- RECORDS TO PROCESS:
----------

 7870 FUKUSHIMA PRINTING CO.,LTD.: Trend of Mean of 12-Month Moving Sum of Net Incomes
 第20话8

----------

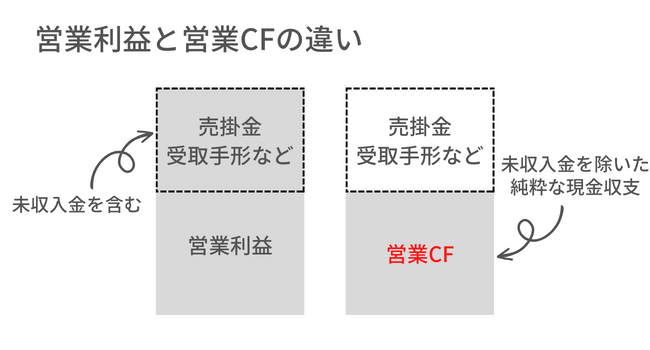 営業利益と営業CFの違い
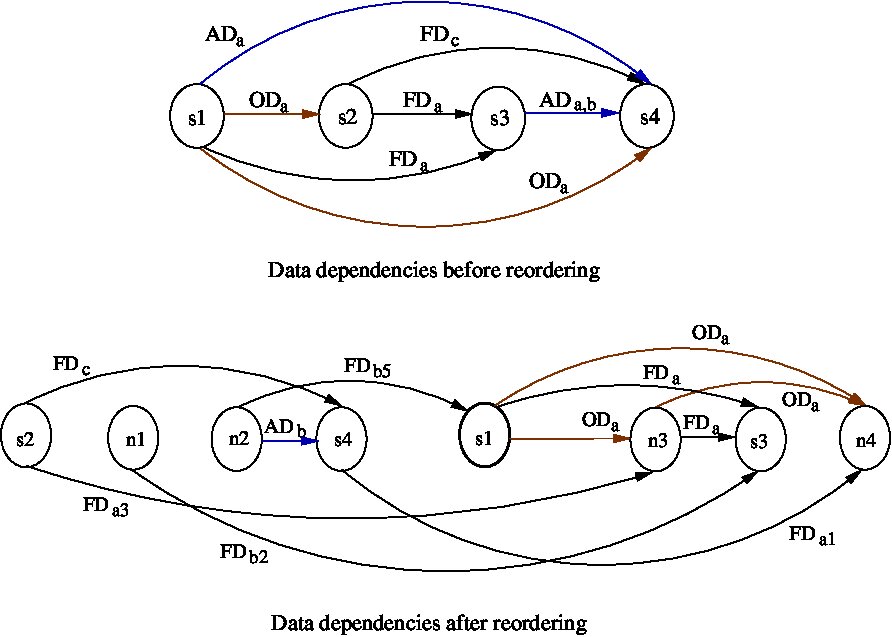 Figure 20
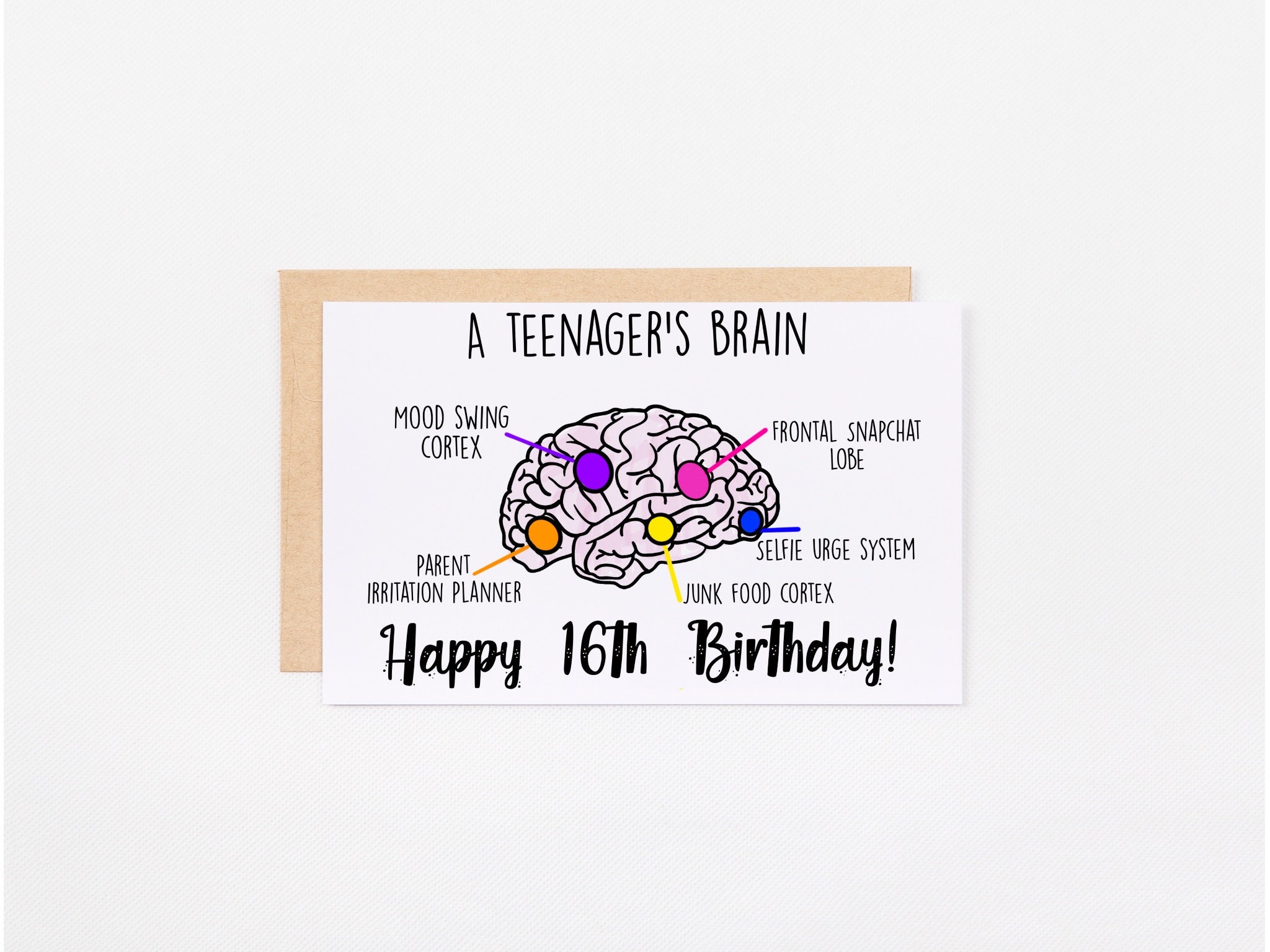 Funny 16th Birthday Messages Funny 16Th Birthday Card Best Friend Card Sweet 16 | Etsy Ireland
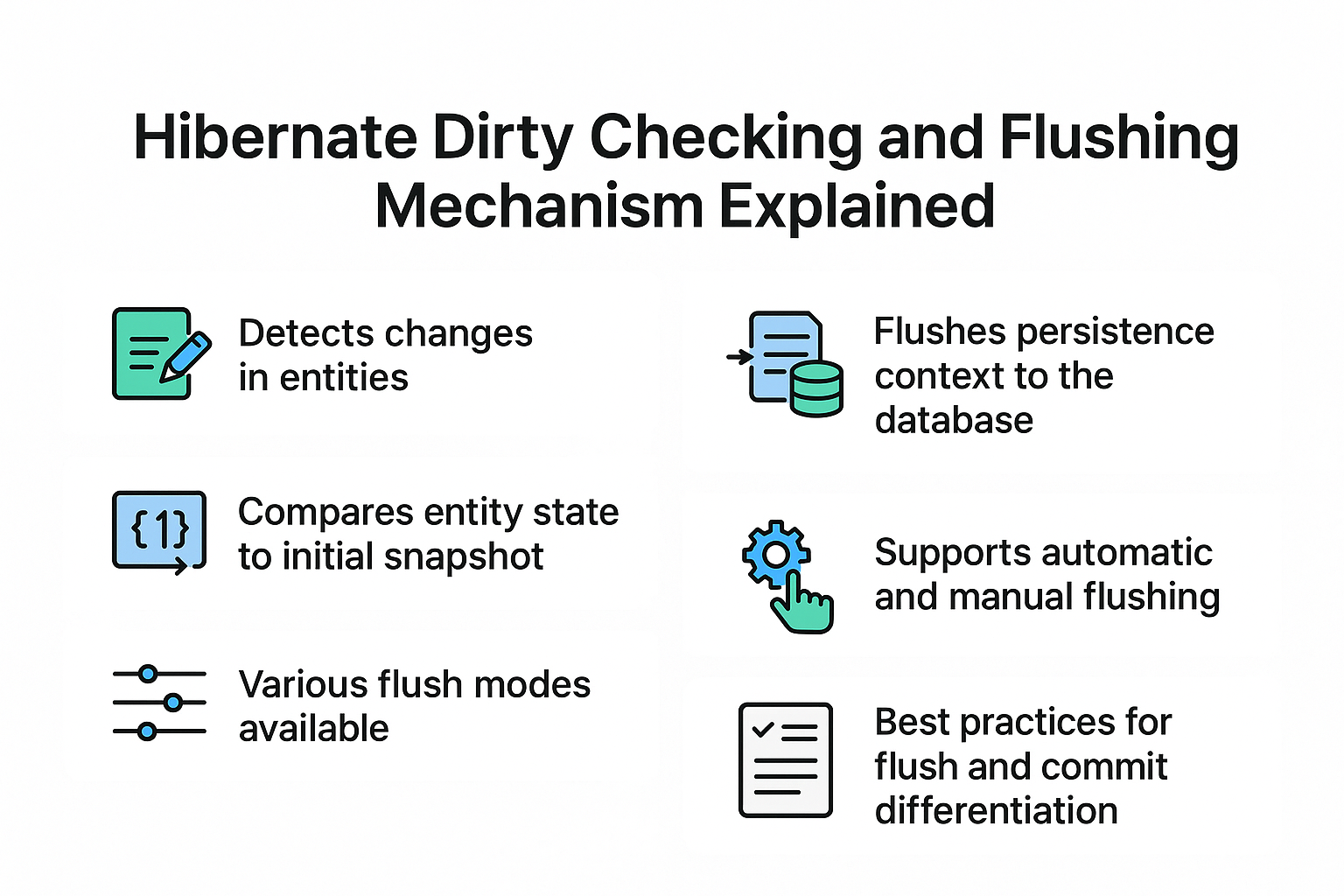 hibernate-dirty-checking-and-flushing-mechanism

----------

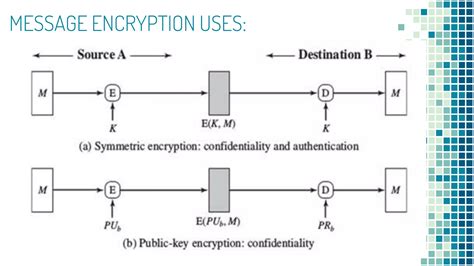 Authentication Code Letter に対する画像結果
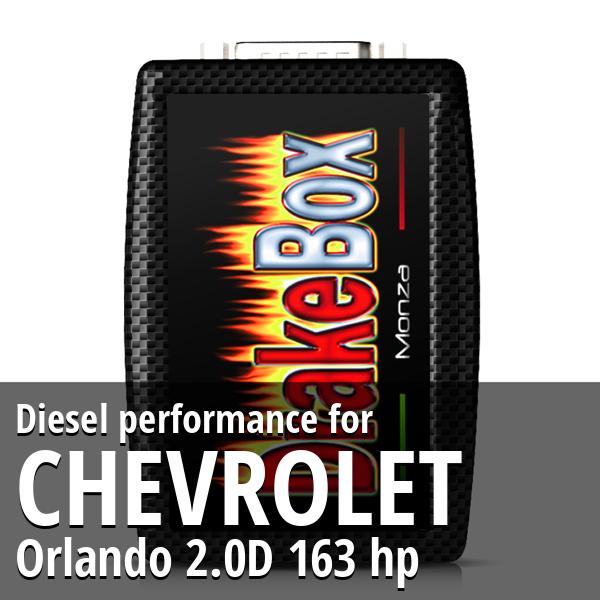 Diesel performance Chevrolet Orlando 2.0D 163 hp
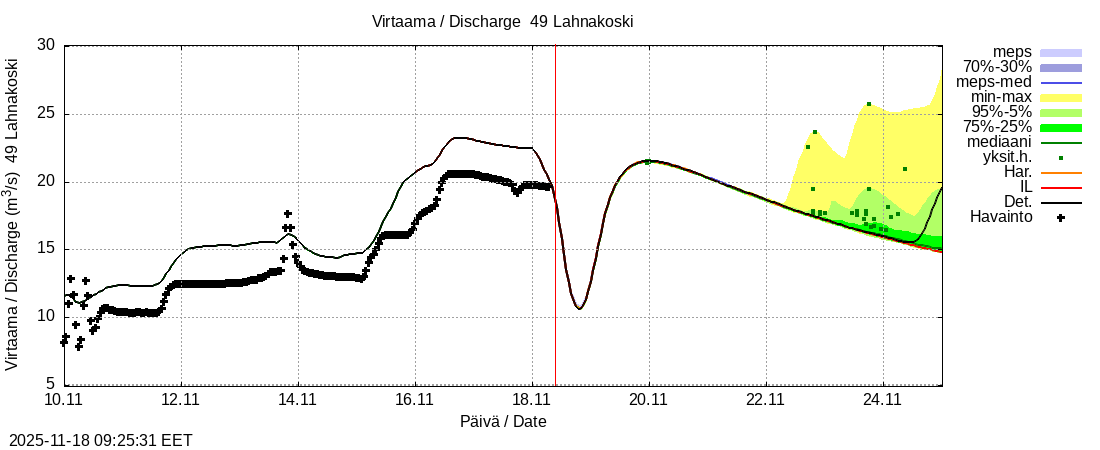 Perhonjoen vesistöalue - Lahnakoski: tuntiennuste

----------

- TASK PROMPT: Lines from the one above containing "Diesel performance Chevrolet" down to the one containing "Perhonjoen vesistöalue - Lahnakoski: tuntiennuste" should be transcribed exactly, with both ends kept and no pictures.

- REPLY TO THE EXERCISE:
 Diesel performance Chevrolet Orlando 2.0D 163 hp
 Perhonjoen vesistöalue - Lahnakoski: tuntiennuste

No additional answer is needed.